6 minutes seems a good starting time. I think that's where I ended up using trays and hand shuffling.
6 minutes seems a good starting time. I think that's where I ended up using trays and hand shuffling.
Some years ago I read what some of the proponents of an all alkaline work flow were saying and decided to switch to a water bath. One of the advantages I hoped to see was enhancement of adjacency effects as the developer exhausted in the water stop bath.
Frankly I never saw this, but what I did see from time to time was dichroic fog on my film, which I surmise was caused by the fact that the fixer exhausted faster when the film did not first pass through an acetic stop bath.
So I switched back to an acetic stop bath, but hedged my bets to protect the stain by using it normal strength.
Sandy King
For discussion and information about carbon transfer please visit the carbon group at groups.io
[url]https://groups.io/g/carbon
How much Sodium Sulfite please ? How does it work ?
There has been some discussion of the shelf-life of the stock solutions. Mine have lasted over 6 months, and would have probably lasted longer had I removed the air with either glass marbles or a squeezable container. But now I just make my own whenever I need it. Even then, a little goes a long way.
Ken,
It works because the stain with Pyrocat is very sensitive to sodium sulfite. Add too much it disappears and you have a tanning but non-staining developer.

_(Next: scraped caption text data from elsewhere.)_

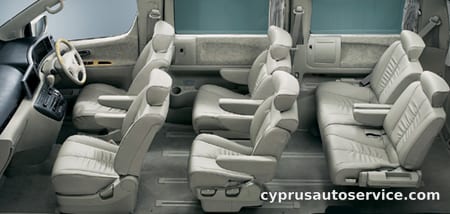 NISSAN ELGRAND XL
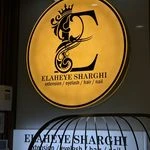 لوگوی سالن زیبایی الهه شرقی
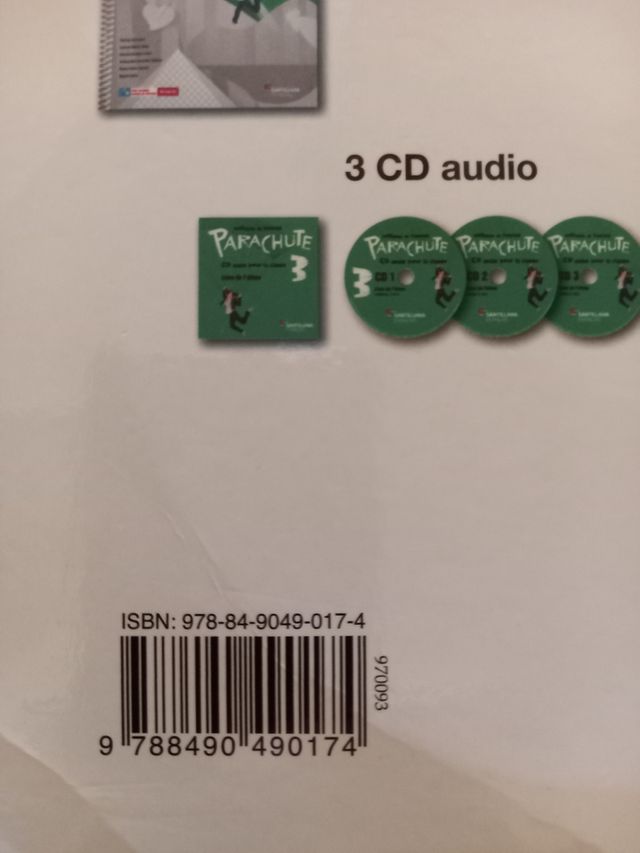 3° ESO Libro de ejercicios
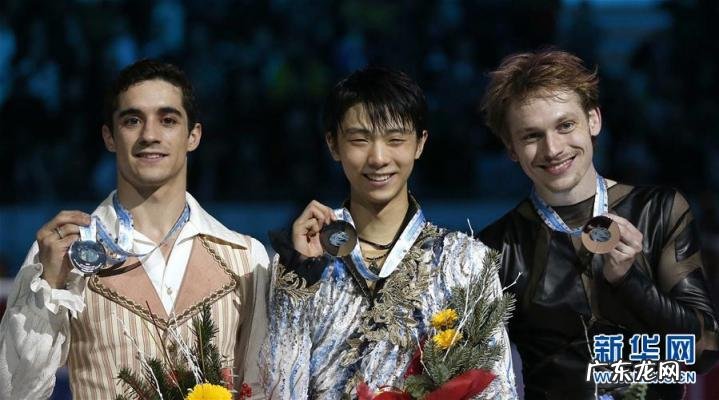 羽生结弦百科词条 羽生结弦的个人资料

How much? I used to have a record of this from tests but can not find the notes. However, I am pretty sure that the addition of 10 grams per liter of sulfite to a working solution would be enough to kill the stain. Addingl sulfite will also make the Pyrocat much more energetic, i.e. it will develop film to a given contrast much faster.
Sandy King
For discussion and information about carbon transfer please visit the carbon group at groups.io
[url]https://groups.io/g/carbon
Brilliant ! I will try this out. Sodium Sulfite is so useful, it's sort of the "Duck Tape" of photo chemistry
Meanwhile, here's a photo of a Tulip I made yesterday on 5x7 FP4+ and Pyrocat HD. (150mm APO-Nikkor)

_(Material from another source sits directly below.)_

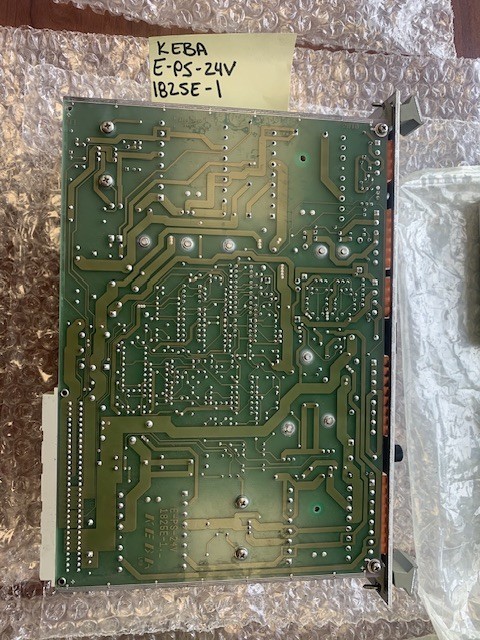 KEBA Power Supply E-PS-24V 1825E-1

Last edited by Ken Lee; 21-Jul-2018 at 04:23.
FWIW to anyone,
I've always used an acetic acid stop bath and acid fix (almost exclusively Kodak Rapid Fix) for the 15 plus years that I've been using pyro developers and I've never encountered staining problems (lack of stain). This includes Sandy King's pyro cat developer.
Don Bryant
Kevin,
Are you printing on silver gelatin papers? I tend to develop a bit longer than most, even for these papers. If you are developing in a tray with 5 sec agitation every minute, try around 8 minutes. Even if this time is wrong, you'll get your EI.
I should also add that this film does get decent stain, but not as much as HP5+. If you try other films, you will see that some films stain more readily than others. The colour Pyrocat-HD's stain works better for me than PMK and it's continuous agitation version, Rollo Pyro. The stain was more green than Pyrocat's yellow/brown stain.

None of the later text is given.